As a method for switching to direct drive, in addition to the present invention, it is also possible to perform reciprocating control for a certain period of time, for example, but since the time required for engagement of the donklilassochi 8 depends on the presence or absence of a head butt state, Even after a certain period of time has elapsed, it is unclear whether or not the dog clutch 8 has completely engaged. In the present invention, since the completion of engagement of the tongue clutch 8 is detected by the direct connection switch 35, there is no risk of ending the reciprocating control with incomplete engagement of the dog clutch 8, and reliable direct connection switching can be performed. can.

In the above embodiment, in order to detect the movement of the dog clutch 8 to the direct connection position, the position of the shift fork 32 is detected by the direct connection switch 35, but the position of the switching sleeve 8a or the rod 94 can be detected by the direct connection switch. May be detected.

Effects of the Invention As is clear from the above explanation, according to the present invention, by reciprocally controlling the gear ratio during belt drive using the direct gear ratio as the target value, the spline teeth of the dog clutch can be slid back and forth. This allows the dog clutch to engage quickly. In addition, since the engagement of the dog clutch is detected by the direct connection switch and this signal is used to terminate the reciprocating control, reliable direct connection control can be performed.

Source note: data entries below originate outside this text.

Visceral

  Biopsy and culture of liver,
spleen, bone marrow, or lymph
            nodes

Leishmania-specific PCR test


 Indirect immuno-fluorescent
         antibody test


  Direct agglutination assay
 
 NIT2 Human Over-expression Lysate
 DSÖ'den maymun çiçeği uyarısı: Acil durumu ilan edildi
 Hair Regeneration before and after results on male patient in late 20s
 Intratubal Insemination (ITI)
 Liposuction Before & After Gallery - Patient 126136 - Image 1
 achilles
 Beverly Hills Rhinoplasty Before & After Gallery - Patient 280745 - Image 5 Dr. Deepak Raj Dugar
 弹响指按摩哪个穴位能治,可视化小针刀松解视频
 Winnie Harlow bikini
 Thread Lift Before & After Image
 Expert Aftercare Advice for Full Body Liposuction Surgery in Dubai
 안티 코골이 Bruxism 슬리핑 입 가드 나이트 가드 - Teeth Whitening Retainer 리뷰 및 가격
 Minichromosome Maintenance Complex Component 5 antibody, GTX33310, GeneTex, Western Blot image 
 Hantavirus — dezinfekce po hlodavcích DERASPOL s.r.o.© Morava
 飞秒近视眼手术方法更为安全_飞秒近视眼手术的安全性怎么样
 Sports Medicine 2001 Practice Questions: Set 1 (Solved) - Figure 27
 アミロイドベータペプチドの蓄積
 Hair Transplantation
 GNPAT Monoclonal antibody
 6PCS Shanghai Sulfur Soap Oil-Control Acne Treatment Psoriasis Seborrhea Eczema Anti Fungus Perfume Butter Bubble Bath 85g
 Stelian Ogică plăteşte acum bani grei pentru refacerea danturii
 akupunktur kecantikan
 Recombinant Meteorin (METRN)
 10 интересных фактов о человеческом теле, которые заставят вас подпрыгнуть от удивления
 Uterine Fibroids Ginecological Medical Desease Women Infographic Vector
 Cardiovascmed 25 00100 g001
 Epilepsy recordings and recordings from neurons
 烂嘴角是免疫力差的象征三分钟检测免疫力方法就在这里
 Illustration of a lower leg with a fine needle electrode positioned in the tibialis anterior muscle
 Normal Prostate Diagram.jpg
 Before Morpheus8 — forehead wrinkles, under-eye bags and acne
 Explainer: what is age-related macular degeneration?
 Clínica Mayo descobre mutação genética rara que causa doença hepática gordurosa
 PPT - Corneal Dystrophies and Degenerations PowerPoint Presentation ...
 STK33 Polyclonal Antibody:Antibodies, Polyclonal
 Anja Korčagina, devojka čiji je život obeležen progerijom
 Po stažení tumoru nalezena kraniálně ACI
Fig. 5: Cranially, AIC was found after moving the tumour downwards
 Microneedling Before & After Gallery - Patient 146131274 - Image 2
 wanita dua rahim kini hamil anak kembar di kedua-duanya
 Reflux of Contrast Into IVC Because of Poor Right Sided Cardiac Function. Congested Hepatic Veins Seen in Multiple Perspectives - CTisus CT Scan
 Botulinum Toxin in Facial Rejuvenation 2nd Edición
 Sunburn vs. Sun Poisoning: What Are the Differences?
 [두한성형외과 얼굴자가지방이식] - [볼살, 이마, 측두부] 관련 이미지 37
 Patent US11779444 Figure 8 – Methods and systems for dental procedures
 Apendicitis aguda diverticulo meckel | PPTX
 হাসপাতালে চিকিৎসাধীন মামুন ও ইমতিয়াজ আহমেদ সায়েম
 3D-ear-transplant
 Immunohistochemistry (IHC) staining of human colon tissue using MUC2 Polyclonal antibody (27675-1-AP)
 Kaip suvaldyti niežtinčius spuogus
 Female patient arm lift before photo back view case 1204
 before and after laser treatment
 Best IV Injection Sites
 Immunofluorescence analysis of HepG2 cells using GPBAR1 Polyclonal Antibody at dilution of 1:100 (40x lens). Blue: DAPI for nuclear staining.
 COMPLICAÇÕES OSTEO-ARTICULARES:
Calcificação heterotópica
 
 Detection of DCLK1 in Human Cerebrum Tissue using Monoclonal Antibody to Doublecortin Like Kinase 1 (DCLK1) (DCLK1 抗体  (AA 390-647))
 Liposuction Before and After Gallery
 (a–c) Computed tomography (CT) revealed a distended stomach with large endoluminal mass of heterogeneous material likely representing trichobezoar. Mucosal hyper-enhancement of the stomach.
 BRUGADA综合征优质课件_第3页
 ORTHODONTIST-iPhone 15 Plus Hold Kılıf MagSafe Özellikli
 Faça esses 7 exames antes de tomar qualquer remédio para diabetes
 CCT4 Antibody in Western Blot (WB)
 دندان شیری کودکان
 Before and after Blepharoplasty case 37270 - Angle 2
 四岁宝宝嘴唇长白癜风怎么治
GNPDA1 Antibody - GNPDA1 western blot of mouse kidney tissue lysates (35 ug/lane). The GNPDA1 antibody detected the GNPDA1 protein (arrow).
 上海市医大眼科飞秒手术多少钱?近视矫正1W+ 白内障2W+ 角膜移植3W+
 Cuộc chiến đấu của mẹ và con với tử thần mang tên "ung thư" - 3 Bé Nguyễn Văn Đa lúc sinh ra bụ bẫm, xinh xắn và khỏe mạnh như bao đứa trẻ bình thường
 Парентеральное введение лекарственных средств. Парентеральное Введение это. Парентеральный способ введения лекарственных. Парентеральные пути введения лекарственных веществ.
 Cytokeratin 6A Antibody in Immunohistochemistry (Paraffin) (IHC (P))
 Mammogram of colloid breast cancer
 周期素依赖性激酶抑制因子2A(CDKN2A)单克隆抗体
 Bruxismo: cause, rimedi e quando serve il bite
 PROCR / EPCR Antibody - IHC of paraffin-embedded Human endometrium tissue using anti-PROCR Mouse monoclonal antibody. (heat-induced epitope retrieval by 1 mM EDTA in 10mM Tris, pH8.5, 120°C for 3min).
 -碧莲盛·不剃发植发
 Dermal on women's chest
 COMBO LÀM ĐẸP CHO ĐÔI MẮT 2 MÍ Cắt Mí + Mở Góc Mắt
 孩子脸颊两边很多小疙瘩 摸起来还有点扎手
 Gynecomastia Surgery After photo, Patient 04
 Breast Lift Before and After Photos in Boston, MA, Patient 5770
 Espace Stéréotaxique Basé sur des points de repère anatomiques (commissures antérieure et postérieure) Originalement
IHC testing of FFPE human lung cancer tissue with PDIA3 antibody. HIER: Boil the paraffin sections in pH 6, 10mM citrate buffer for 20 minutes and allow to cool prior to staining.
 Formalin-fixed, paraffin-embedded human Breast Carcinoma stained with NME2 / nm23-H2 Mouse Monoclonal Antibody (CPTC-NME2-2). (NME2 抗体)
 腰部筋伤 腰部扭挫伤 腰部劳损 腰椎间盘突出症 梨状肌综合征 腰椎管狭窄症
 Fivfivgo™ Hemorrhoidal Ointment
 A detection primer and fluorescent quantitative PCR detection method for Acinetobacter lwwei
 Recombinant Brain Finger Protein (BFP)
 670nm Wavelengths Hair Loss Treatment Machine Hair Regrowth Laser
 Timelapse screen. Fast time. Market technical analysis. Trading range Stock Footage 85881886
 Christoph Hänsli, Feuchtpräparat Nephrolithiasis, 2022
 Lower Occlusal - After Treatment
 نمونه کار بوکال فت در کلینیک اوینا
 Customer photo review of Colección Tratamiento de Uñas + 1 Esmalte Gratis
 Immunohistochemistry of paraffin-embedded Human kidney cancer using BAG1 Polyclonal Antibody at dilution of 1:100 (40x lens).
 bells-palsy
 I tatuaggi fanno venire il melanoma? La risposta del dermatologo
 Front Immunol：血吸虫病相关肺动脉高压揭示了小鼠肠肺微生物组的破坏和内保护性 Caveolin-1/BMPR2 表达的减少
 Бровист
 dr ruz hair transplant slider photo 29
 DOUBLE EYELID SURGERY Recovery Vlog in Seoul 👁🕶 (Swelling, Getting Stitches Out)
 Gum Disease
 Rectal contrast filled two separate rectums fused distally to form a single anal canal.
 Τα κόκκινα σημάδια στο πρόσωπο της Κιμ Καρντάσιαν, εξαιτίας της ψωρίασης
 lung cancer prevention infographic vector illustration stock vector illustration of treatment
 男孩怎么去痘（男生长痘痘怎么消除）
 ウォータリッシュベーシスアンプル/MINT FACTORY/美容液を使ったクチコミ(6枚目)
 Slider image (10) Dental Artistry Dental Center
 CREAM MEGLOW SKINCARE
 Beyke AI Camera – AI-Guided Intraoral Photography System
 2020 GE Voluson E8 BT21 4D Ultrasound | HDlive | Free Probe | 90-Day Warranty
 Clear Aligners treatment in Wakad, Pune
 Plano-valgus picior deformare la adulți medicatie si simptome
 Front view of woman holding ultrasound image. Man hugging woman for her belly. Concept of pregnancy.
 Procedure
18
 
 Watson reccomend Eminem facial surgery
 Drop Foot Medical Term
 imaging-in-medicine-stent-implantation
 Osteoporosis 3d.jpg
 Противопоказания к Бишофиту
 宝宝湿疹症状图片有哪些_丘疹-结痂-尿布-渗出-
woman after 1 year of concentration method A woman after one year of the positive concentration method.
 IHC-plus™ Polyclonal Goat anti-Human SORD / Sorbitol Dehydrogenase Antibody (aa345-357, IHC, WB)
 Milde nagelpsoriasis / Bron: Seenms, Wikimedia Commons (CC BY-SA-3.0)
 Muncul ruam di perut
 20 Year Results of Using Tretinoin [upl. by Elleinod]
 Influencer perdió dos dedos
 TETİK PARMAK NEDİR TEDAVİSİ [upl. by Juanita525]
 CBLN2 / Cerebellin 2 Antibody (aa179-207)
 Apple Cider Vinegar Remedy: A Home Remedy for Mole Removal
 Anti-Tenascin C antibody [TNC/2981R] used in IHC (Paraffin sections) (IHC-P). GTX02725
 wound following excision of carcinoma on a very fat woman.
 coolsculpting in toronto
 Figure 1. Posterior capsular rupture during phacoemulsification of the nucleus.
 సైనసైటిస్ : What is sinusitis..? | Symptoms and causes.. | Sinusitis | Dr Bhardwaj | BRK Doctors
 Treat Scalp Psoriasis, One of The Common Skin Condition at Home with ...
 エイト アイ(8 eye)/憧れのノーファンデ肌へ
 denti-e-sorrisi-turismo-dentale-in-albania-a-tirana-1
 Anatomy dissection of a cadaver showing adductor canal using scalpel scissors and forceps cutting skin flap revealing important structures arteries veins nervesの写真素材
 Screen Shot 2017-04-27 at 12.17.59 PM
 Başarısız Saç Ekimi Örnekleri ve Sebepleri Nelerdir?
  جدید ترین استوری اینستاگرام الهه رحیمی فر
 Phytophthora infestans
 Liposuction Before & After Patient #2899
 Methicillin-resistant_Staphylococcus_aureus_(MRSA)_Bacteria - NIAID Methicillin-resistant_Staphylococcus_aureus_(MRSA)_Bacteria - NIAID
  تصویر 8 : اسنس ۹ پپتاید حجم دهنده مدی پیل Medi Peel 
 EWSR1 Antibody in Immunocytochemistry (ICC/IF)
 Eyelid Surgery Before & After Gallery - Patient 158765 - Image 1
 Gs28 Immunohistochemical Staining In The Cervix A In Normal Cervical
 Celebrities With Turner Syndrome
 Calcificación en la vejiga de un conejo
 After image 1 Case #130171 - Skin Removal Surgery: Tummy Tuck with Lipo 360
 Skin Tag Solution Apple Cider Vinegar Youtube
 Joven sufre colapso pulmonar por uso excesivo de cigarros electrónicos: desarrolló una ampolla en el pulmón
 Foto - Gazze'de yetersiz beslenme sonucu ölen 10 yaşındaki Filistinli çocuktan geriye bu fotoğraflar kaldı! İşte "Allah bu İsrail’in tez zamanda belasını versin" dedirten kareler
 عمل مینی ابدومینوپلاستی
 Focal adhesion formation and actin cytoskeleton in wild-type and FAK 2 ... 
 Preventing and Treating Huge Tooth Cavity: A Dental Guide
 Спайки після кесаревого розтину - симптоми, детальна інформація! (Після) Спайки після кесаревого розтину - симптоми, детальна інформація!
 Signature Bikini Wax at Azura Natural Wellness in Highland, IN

[Brief explanation of drawings]

FIG. 1 is a skeleton diagram of a first embodiment of the present invention, FIG. 2 is a circuit diagram of a hydraulic control device, FIG. 3 is a shift diagram, and FIG. 4 is a flowchart showing the operation of the control circuit. 6... Input shaft, 7... Direct connection gear, 8... Dog clutch, 10... ■ Belt type continuously variable transmission section, 20...
・Power intermittent clutch, 28... Counter gear (direct connection gear), 30... Differential device, 31...
・Output shaft, 32... Shift fork, 35... Direct connection switch, 40... Pulley control valve, 50... Kickdown control valve, 60... Throttle valve,
70...Clutch control valve, 80...Lockup control valve, 90...Actuator, 100...
- Control circuit, 101-103... solenoid valve.

Claims (1)

[Claims] (1) A direct drive path including a direct gear train and a belt drive path including a V-belt continuously variable transmission section are provided in parallel between the input shaft and the output shaft, and when the direct drive path is in the middle of the direct drive path, A transmission that is provided with a dog clutch that is engaged, and a power intermittent clutch that is engaged when the belt is driven in the middle of the belt drive path, and the gear ratio of the direct drive path is on the lower speed side than the maximum speed ratio of the belt drive path. When switching from belt drive to direct drive, the gear ratio of the belt drive path is controlled reciprocally using the direct drive gear ratio as the target value, and when the dog clutch operates to the direct drive position, this is detected by the direct drive switch, and the above A direct-coupling control method for a transmission characterized by terminating reciprocating control.